• Exercise instructions: Go to the line holding "Щит с монтажной" in the data below and repeat it exactly, then each line after it up to and including the one holding "Kawaii Water Bottle". Omit pictures.

*** Entries shown Section Begins ***

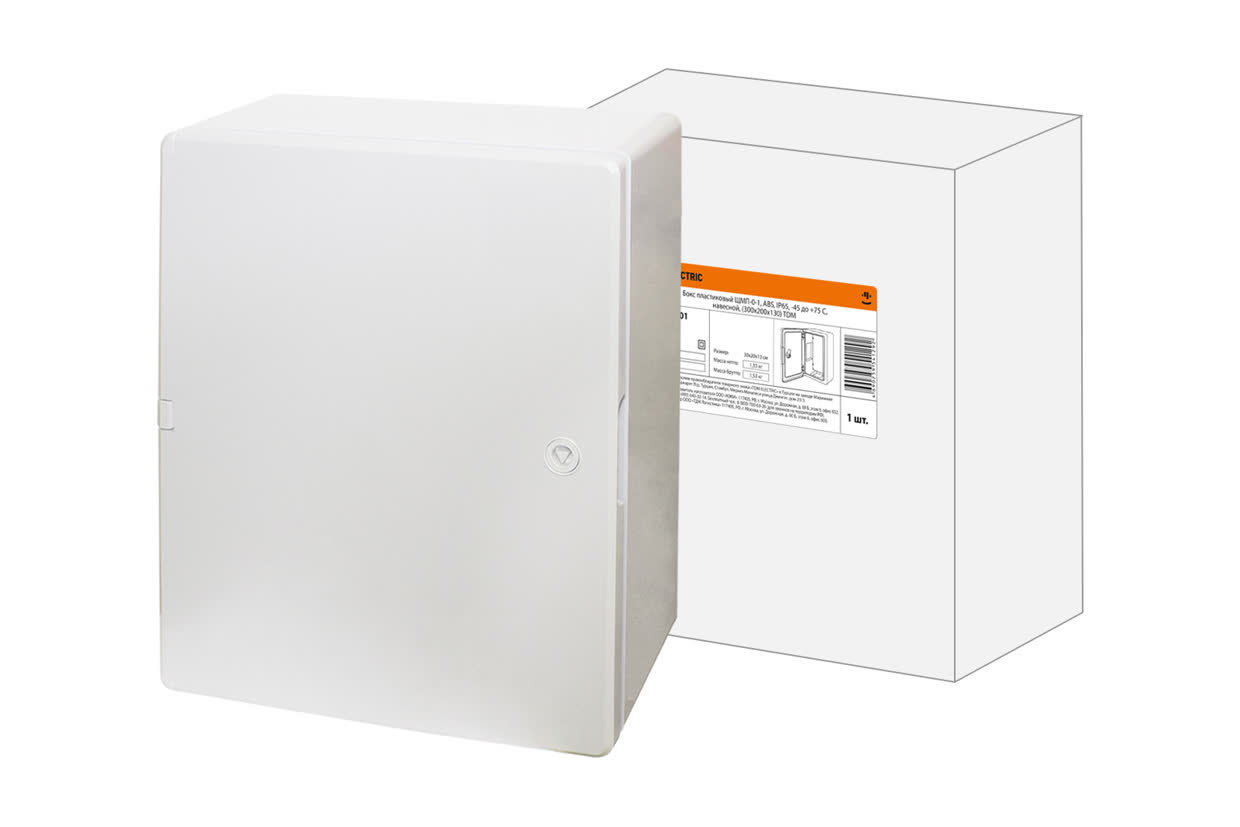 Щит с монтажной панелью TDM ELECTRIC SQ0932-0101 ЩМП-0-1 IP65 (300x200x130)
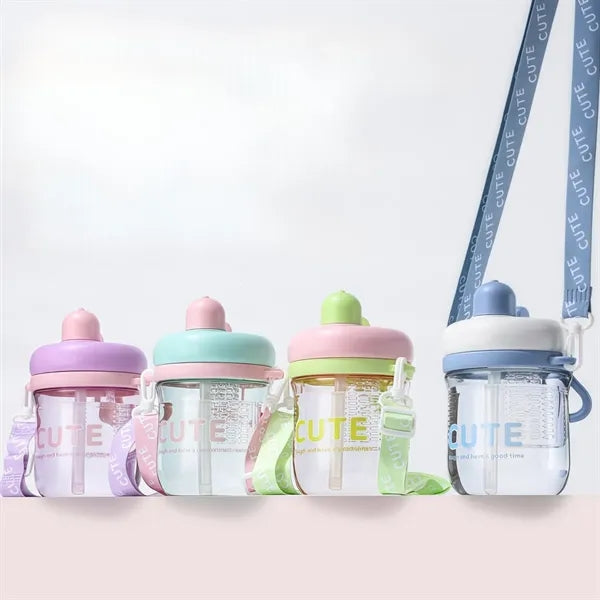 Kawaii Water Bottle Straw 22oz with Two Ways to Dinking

*** Entries shown Section Ends ***
*** Entries shown Section Begins ***

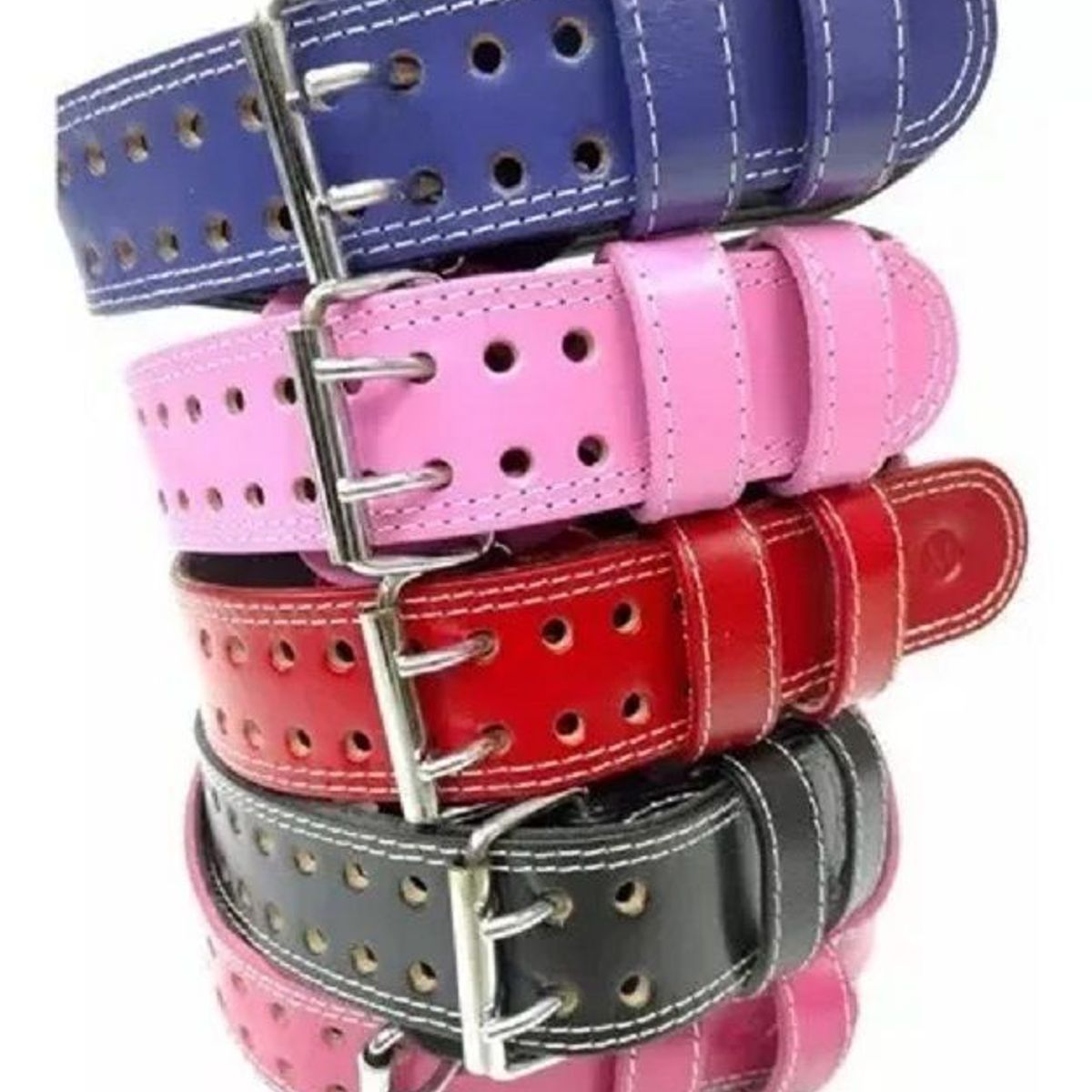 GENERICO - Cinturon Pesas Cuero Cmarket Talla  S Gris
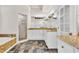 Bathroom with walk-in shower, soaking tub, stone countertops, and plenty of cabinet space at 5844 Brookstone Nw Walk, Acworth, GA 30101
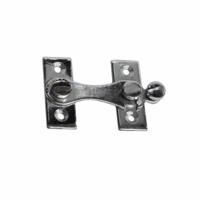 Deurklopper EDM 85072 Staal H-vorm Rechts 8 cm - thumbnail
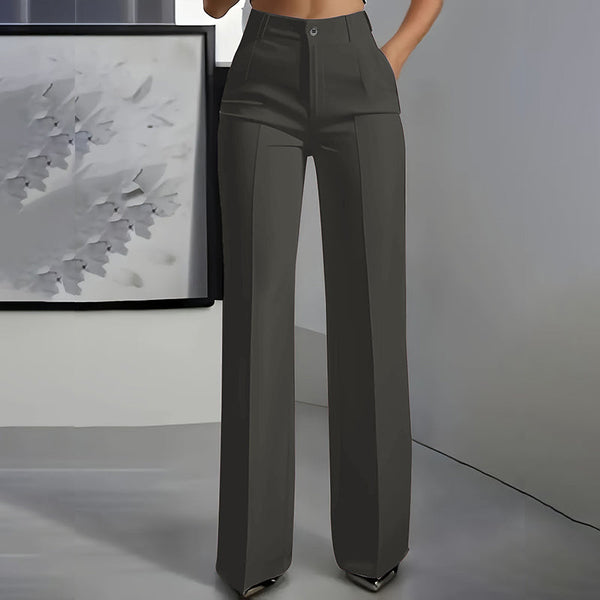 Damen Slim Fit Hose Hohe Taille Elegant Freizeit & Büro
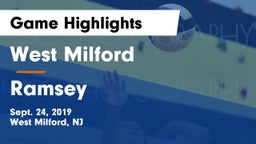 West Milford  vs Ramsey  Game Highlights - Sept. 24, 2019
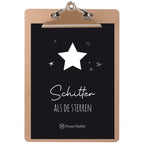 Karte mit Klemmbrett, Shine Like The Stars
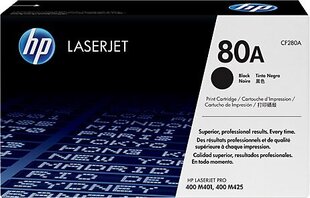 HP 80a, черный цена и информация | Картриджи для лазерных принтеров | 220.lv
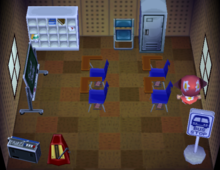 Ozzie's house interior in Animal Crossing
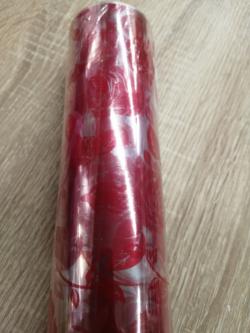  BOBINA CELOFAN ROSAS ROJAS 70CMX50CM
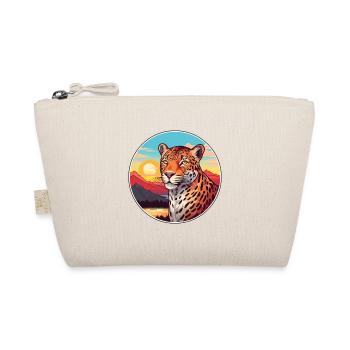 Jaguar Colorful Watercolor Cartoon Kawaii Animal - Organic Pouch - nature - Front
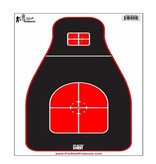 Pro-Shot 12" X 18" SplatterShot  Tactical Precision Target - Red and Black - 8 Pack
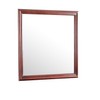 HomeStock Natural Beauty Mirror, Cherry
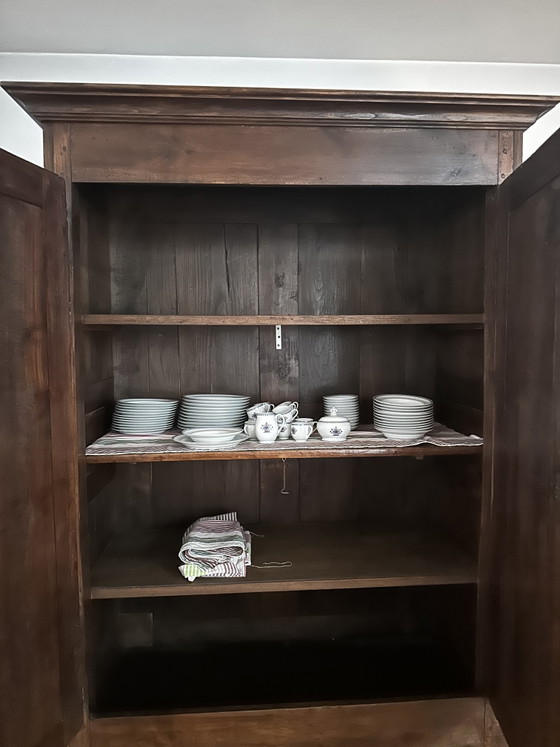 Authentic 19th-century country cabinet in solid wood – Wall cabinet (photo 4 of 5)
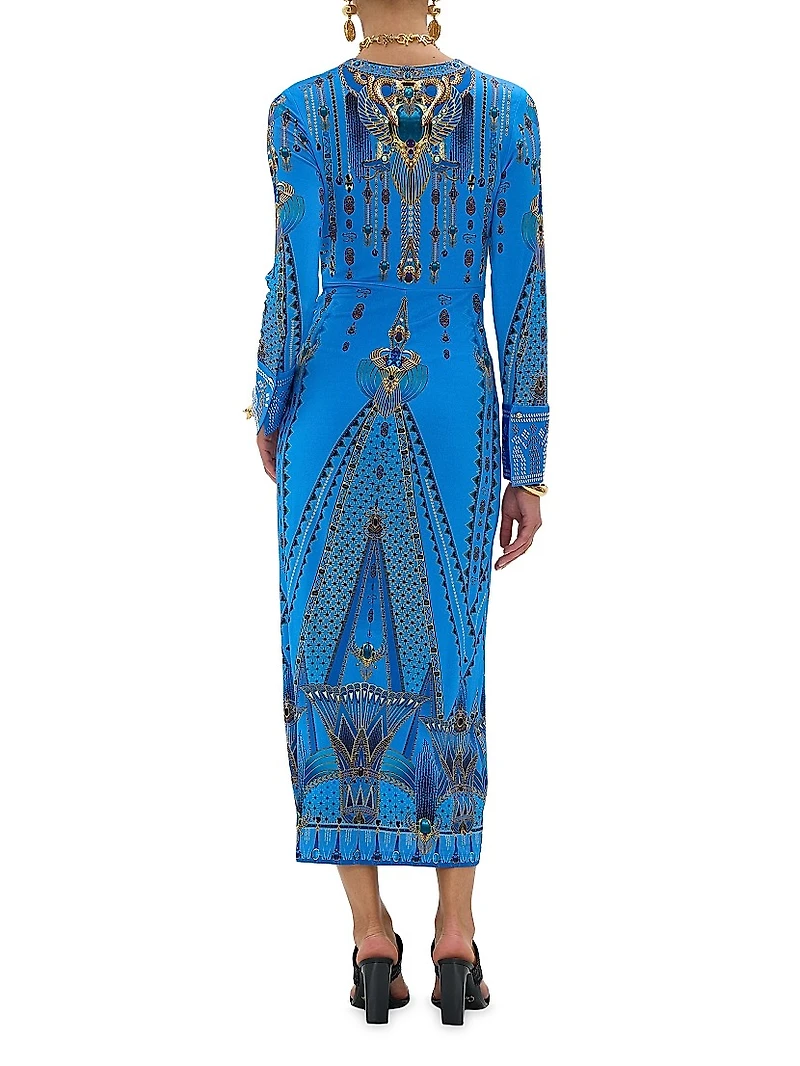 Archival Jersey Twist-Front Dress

*** Entries shown Section Ends ***

• Your response:
 Щит с монтажной панелью TDM ELECTRIC SQ0932-0101 ЩМП-0-1 IP65 (300x200x130)
 Kawaii Water Bottle Straw 22oz with Two Ways to Dinking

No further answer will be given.